# DIRECTIONS FOR THIS TASK
The records that follow are to be given again exactly. Do not carry over any image.

[Opening EXERCISE MATERIAL section]

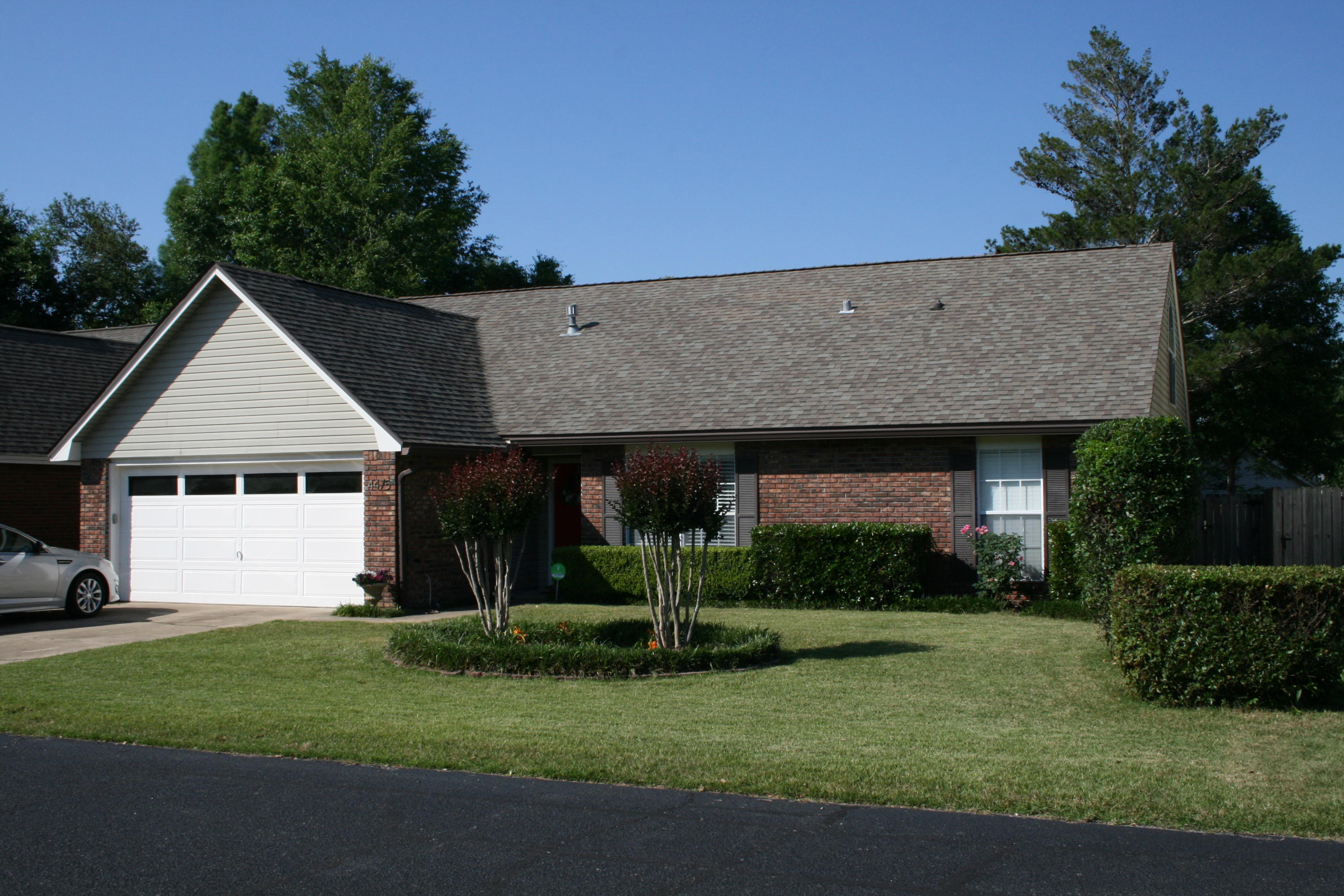 This beautiful home in the Bluewater Bay neighborhood of Parkwood Square is waiting for you. This updated home with a great backyard is perfect for any sized family, large or small. Close to schools, restaurants and shopping this is the perfect Bluewater Bay location. Upon entering this home you immediately notice the beautiful hardwood floors throughout the downstairs living areas. The large living room featuring high ceiling is accented by a fireplace surrounded by granite tile. Just off the living room is the updated kitchen. You will love the abundance of custom cabinets and plenty of granite counter space as well. The owner will consider a dog (No Cats) with restrictions and a non refundable pet fee and a refundable pet deposit. NO Smoking! Owner provides lawn and pest service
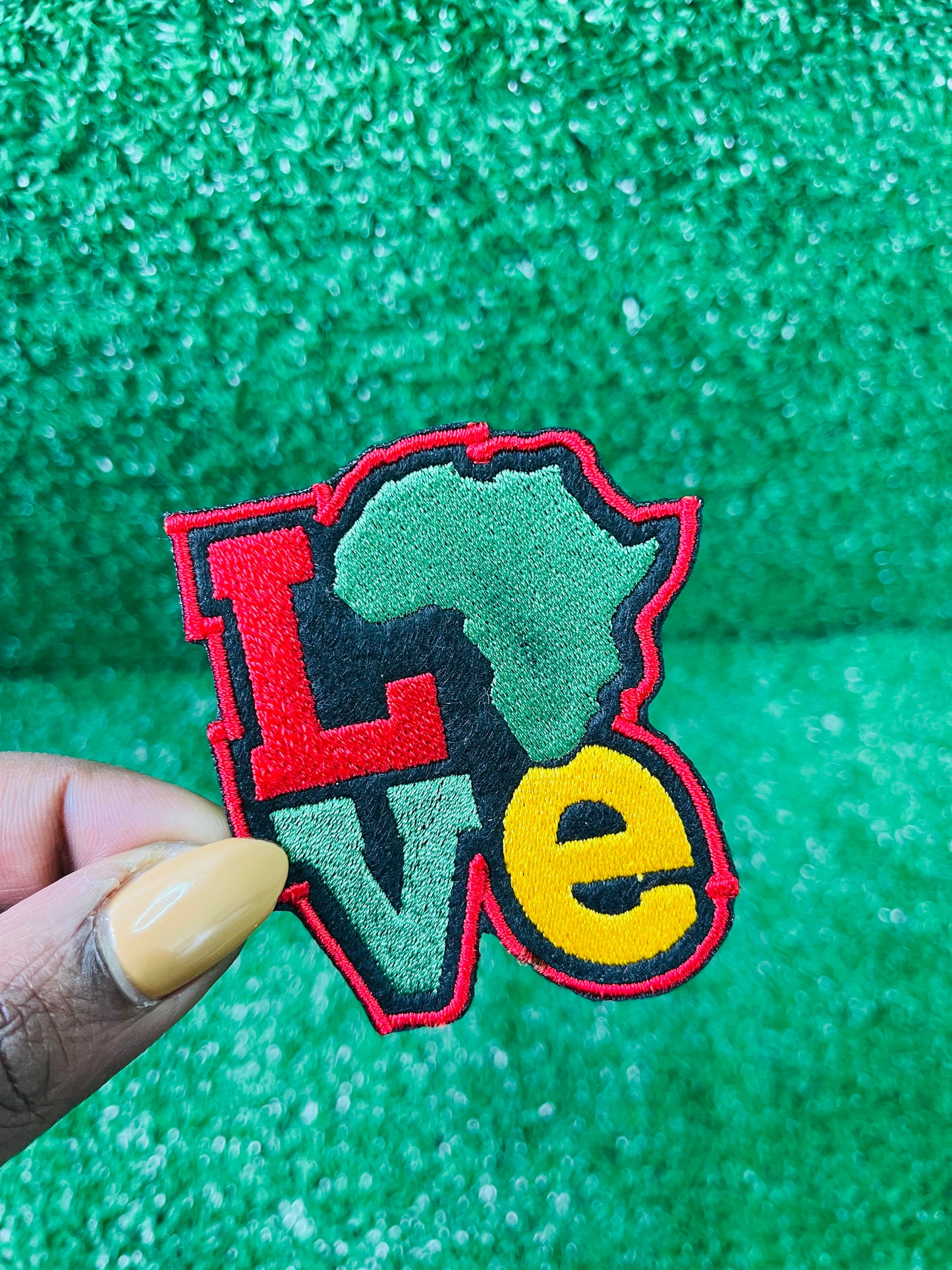 Colorful embroidered iron on patch spelling LOVE with the African continent as the "O" in red, yellow, green and black tones, bold and vibrant design.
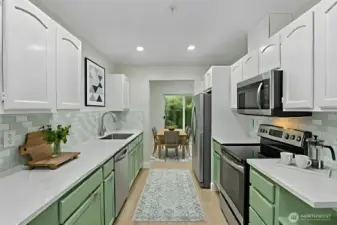 Functional kitchen with great prep space, open flow, and easy main-floor access.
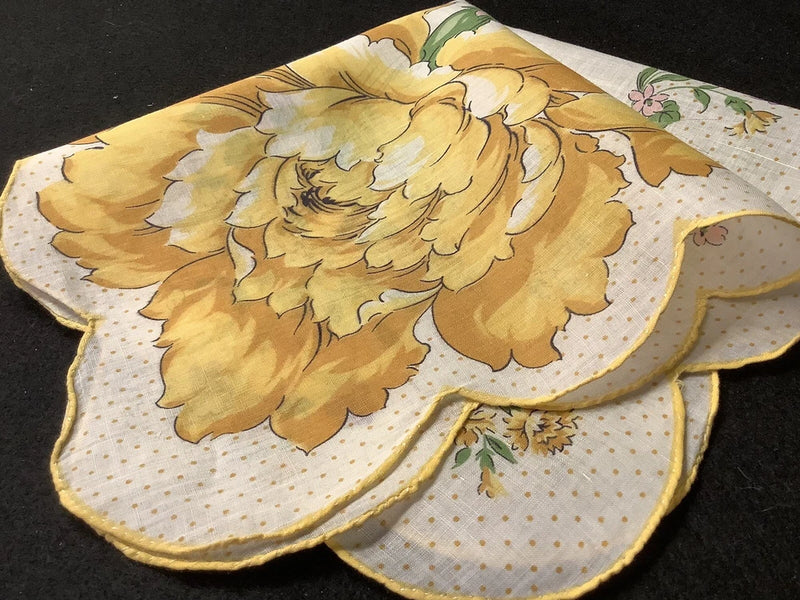Vintage floral handkerchief with yellow carnation print, white dotted border, scalloped edge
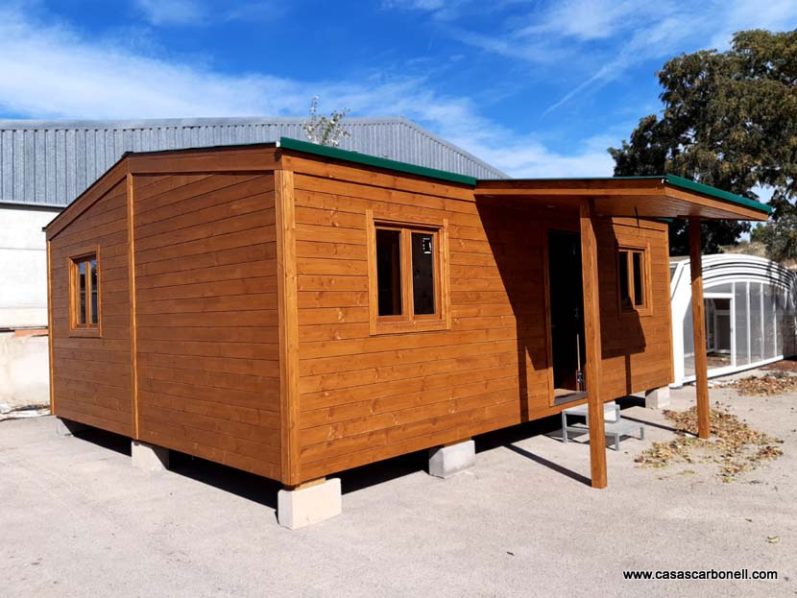 Casa de madera de un solo piso con ventanas y porche en un entorno exterior.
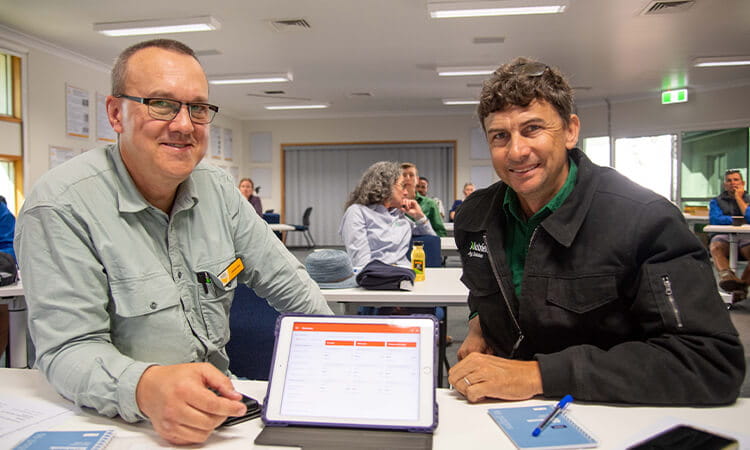 Director of the Centre for Crop Health Professor Levente Kiss shows Matthew Skerman from Nutrien AgSolutions the new app at a recent workshop hosted at the University of Southern Queensland.
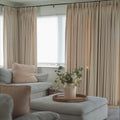 An interior living room scene featuring floor-to-ceiling beige drapes, a light blue sectional sofa with a blush pink throw pillow, and a white ottoman serving as a coffee table with a woven tray holding white flowers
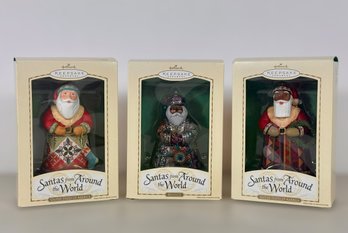 Grouping Of Hallmark Santa Ornaments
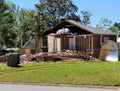 Brick house being slowly demolished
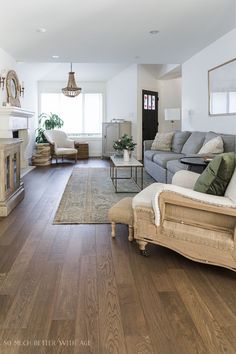 a living room filled with furniture and a fire place in the middle of a room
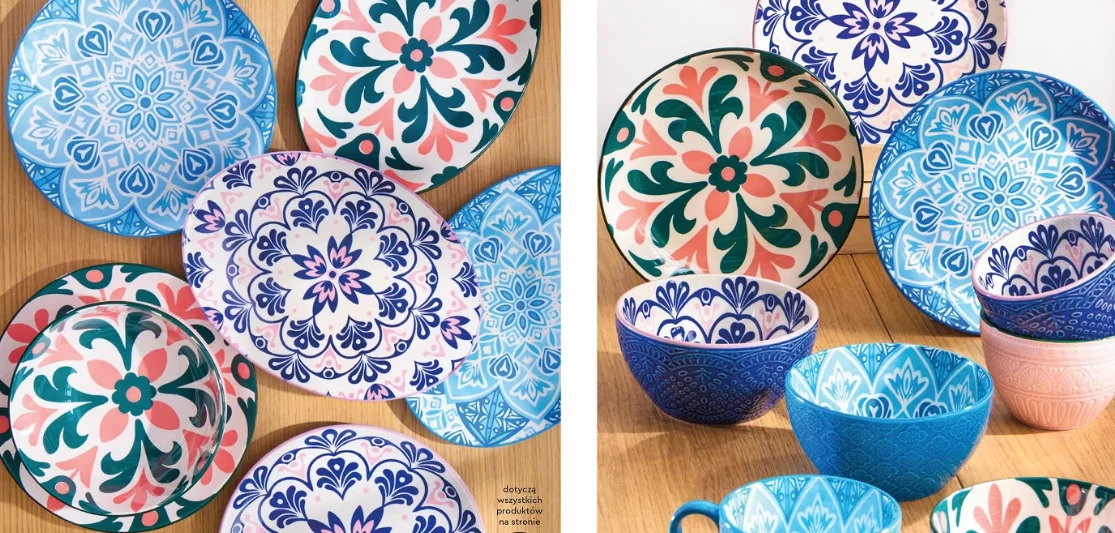 Nowa oferta Biedronki Kolorowe ceramiczne talerze i miseczki ozdobione ornamentowymi wzorami w odcieniach niebieskiego, różowego i zielonego, ułożone na drewnianej powierzchni.
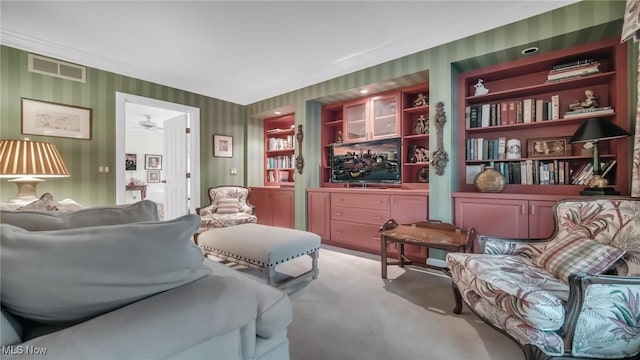 carpeted living area with visible vents and wallpapered walls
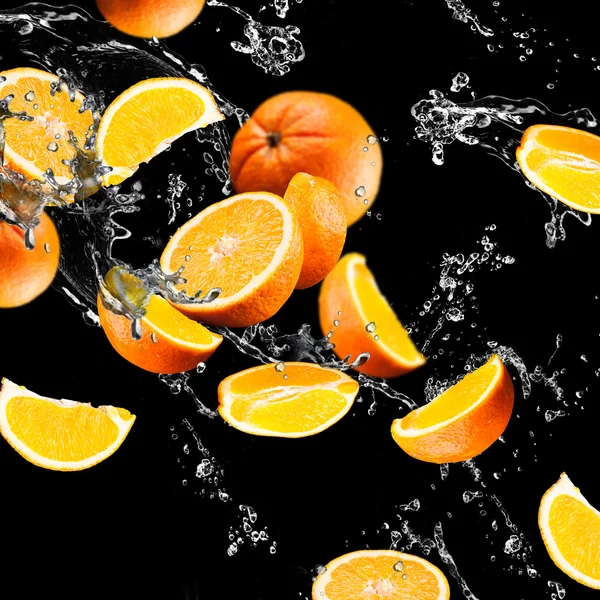 Oranje vruchten en spatten water — Stockfoto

[Closing EXERCISE MATERIAL section]

# COMPLETED TASK
 This beautiful home in the Bluewater Bay neighborhood of Parkwood Square is waiting for you. This updated home with a great backyard is perfect for any sized family, large or small. Close to schools, restaurants and shopping this is the perfect Bluewater Bay location. Upon entering this home you immediately notice the beautiful hardwood floors throughout the downstairs living areas. The large living room featuring high ceiling is accented by a fireplace surrounded by granite tile. Just off the living room is the updated kitchen. You will love the abundance of custom cabinets and plenty of granite counter space as well. The owner will consider a dog (No Cats) with restrictions and a non refundable pet fee and a refundable pet deposit. NO Smoking! Owner provides lawn and pest service
 Colorful embroidered iron on patch spelling LOVE with the African continent as the "O" in red, yellow, green and black tones, bold and vibrant design.
 Functional kitchen with great prep space, open flow, and easy main-floor access.
Vintage floral handkerchief with yellow carnation print, white dotted border, scalloped edge
 Casa de madera de un solo piso con ventanas y porche en un entorno exterior.
 Director of the Centre for Crop Health Professor Levente Kiss shows Matthew Skerman from Nutrien AgSolutions the new app at a recent workshop hosted at the University of Southern Queensland.
 An interior living room scene featuring floor-to-ceiling beige drapes, a light blue sectional sofa with a blush pink throw pillow, and a white ottoman serving as a coffee table with a woven tray holding white flowers
 Grouping Of Hallmark Santa Ornaments
 Brick house being slowly demolished
 a living room filled with furniture and a fire place in the middle of a room
 Nowa oferta Biedronki Kolorowe ceramiczne talerze i miseczki ozdobione ornamentowymi wzorami w odcieniach niebieskiego, różowego i zielonego, ułożone na drewnianej powierzchni.
 carpeted living area with visible vents and wallpapered walls
 Oranje vruchten en spatten water — Stockfoto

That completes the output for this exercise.